Exercise:
Using the data below, print exactly the line with "Herbin Living Smoke Shop, Kava Bar", the line with "444x640 Watercolor Sea Kelp I Fine Art Piece", and every line between them, but none of the pictures.

Source material:
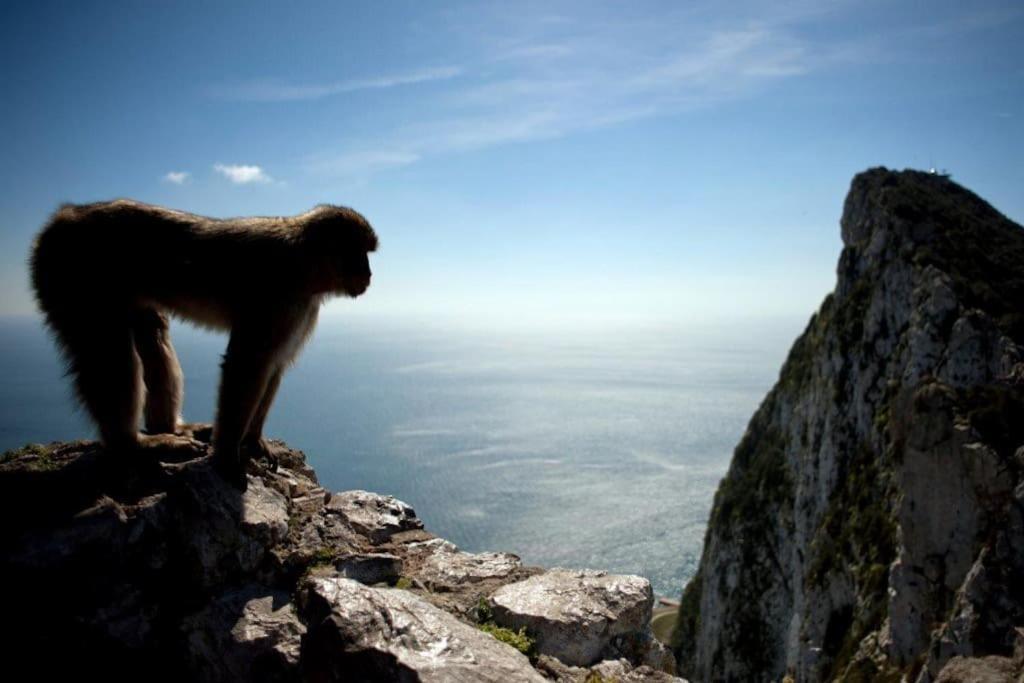Best Location 2 Bed2 Bath W/Lift In Town! Gibraltar Extérieur photo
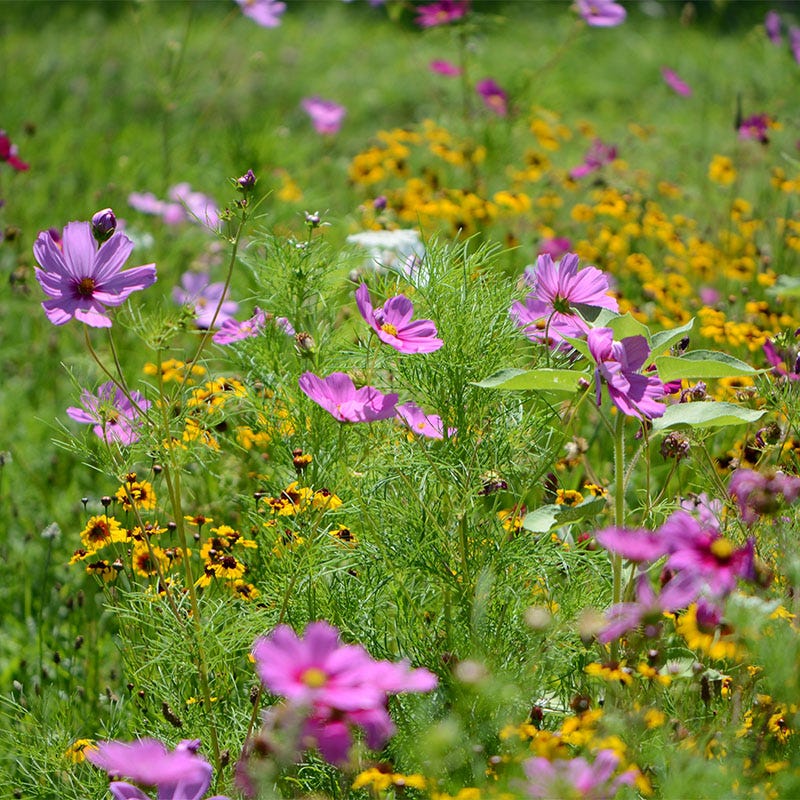 Southwest Select Wildflower Seed Mix - Image 3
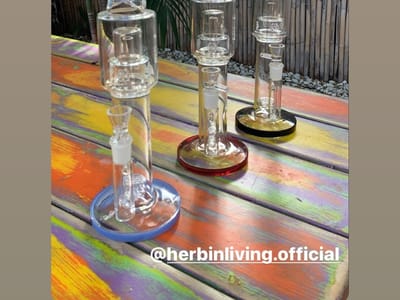 Herbin Living Smoke Shop, Kava Bar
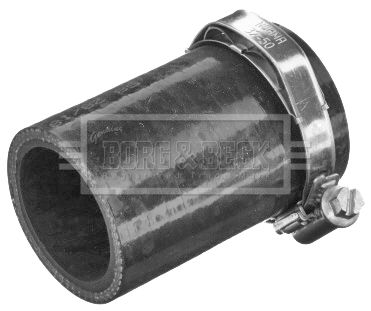 BTH1539_1800949.JPG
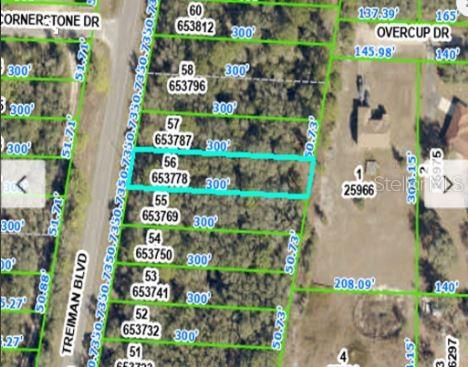 COMMERCIAL HIGHLANDS US 301 - Land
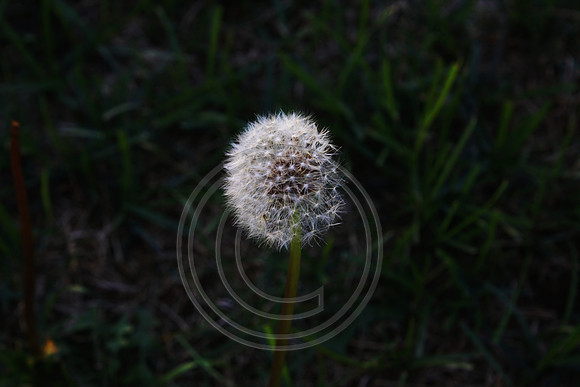 IMG_3234v1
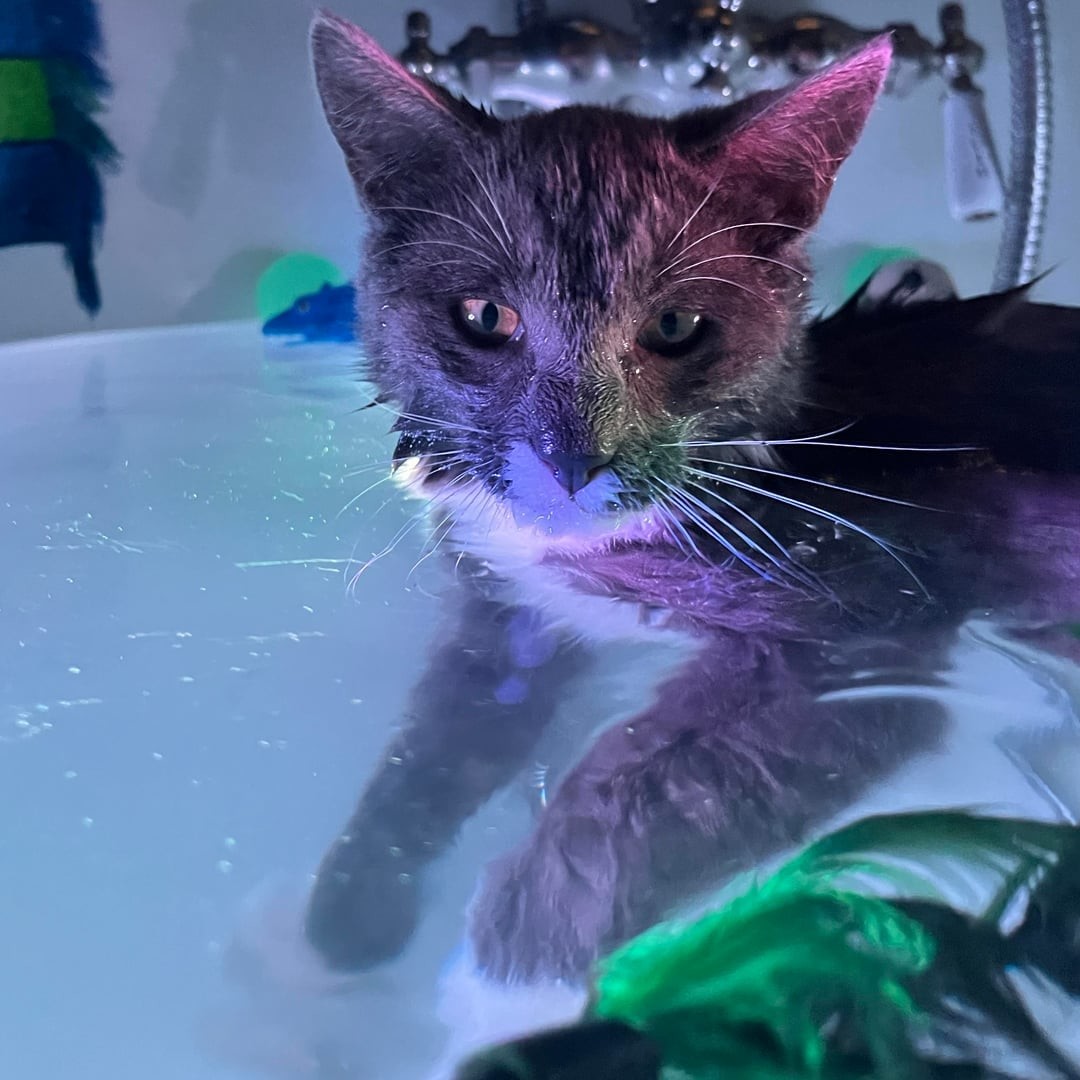 4. Морские приключения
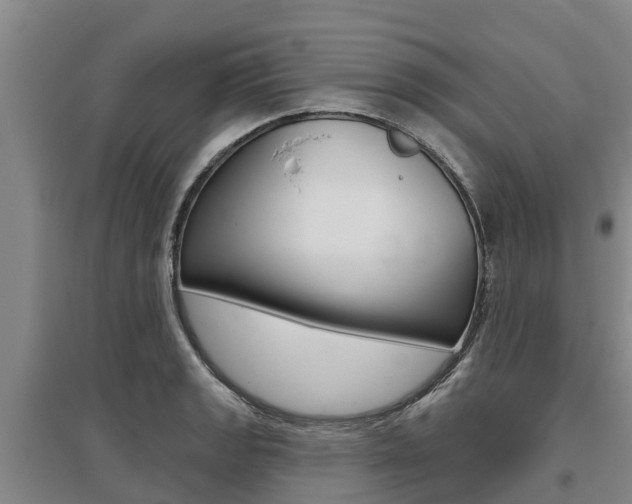 X0000095931133200801110912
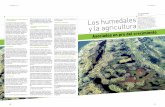 Investigación HA - horizonteadigital.comhorizonteadigital.com/investigacion/ha90/40-48.pdf · Estos ecosistemas híbridos entre los puramente acuáticos y los terrestres, ... 0,83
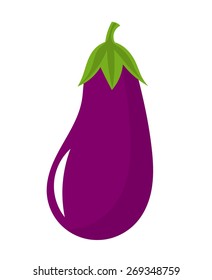 Eggplant Fruit. Vector Illustration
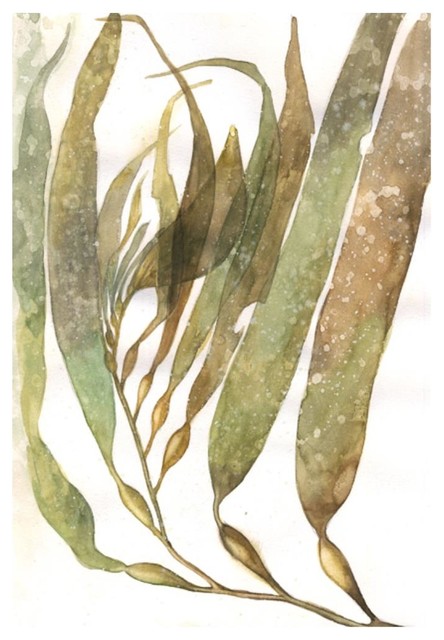 444x640 Watercolor Sea Kelp I Fine Art Piece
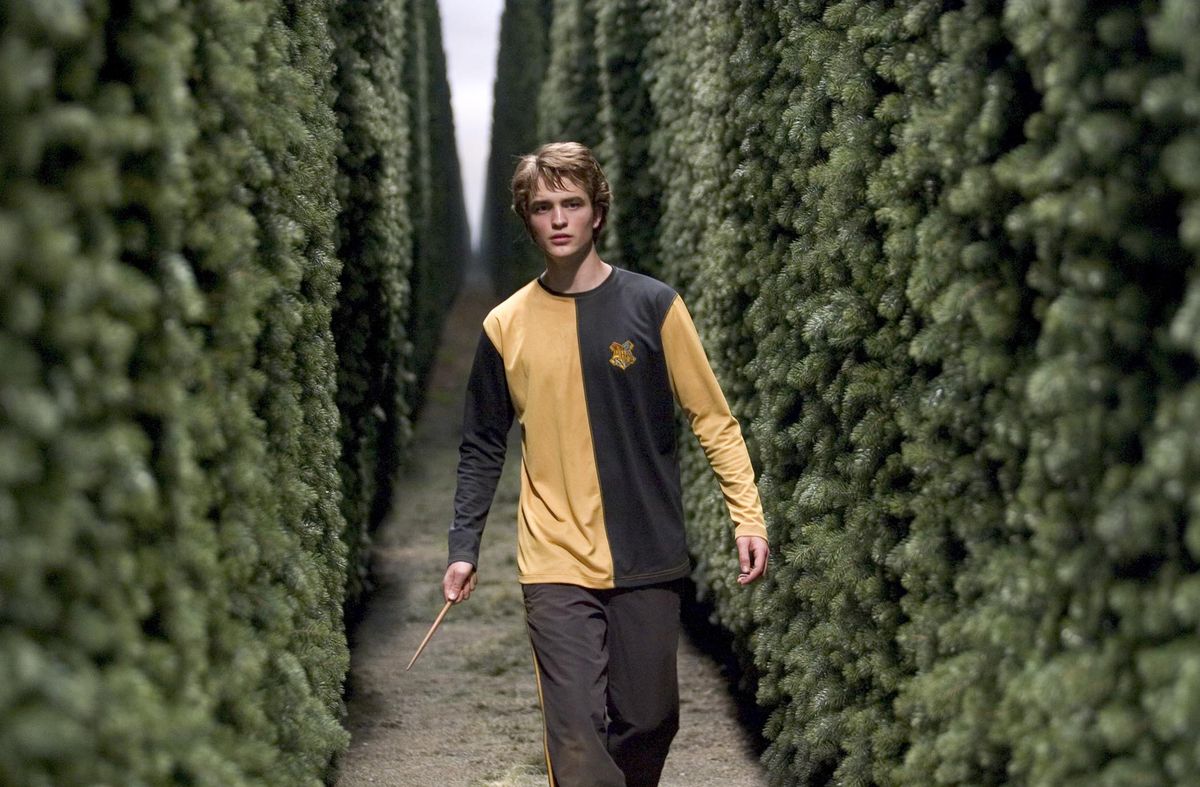 Чи знали ви, що персонажів "Гаррі Поттера" могли втілити інші актори. Хто вони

Answer:
 Herbin Living Smoke Shop, Kava Bar
 BTH1539_1800949.JPG
 COMMERCIAL HIGHLANDS US 301 - Land
 IMG_3234v1
 4. Морские приключения
 X0000095931133200801110912
 Investigación HA - horizonteadigital.comhorizonteadigital.com/investigacion/ha90/40-48.pdf · Estos ecosistemas híbridos entre los puramente acuáticos y los terrestres, ... 0,83
 Eggplant Fruit. Vector Illustration
 444x640 Watercolor Sea Kelp I Fine Art Piece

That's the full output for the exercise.